Por meio de nota, a PGFN reforçou que esse caso seria de interposição fraudulenta. “Essas sociedades não possuem estrutura operacional compatível com as atividades desenvolvidas e a fiscalização demonstra que os contratos são negociados, assinados e controlados por pessoas físicas ligadas à empresa no Brasil ou outras empresas do grupo econômico, mas não com a sociedade constituída no paraíso fiscal”, diz.
O órgão alega ainda que “as funções e o propósito negocial são desempenhados pela controladora no Brasil”. “Assim, há fraude”, afirma.
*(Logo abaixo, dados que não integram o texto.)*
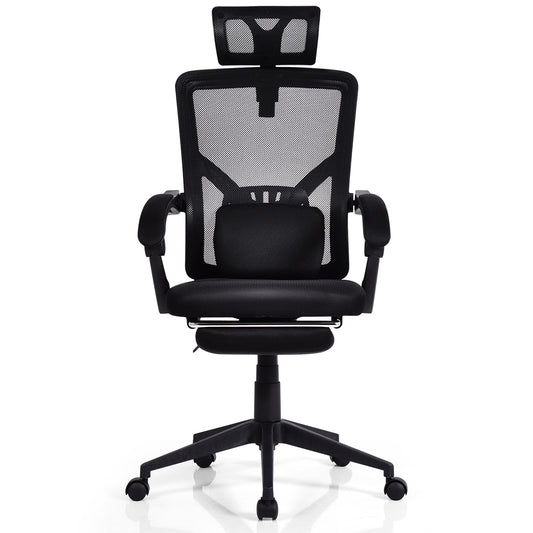 Topbuy Office Recliner Chair High Back Mesh Computer Desk Chair with Footrest & Lumbar Pillow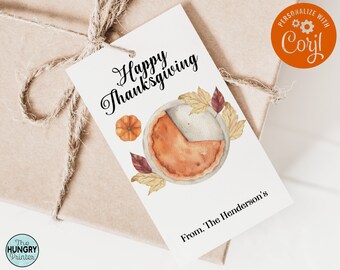 Happy Thanksgiving Tags, Editable Thanksgiving Tags, Printable Cookie Tag, Thanksgiving Pop By,  Fall Treat Tags,  Fall Gift Ideas, Pie Tags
Nesses casos, adiciona, “não basta respeitar as normas de preço de transferência, subcapitalização e TBU, as quais são aplicáveis a operações efetivamente existentes, o que não é o caso do processo questionado, em que os contratações com a suposta ‘trading’ não existiram, sendo contratos simulados”. Acrescenta ainda existirem decisões unânimes do Carf favoráveis à União sobre o tema dos anos de 2012, 2024 e 2025.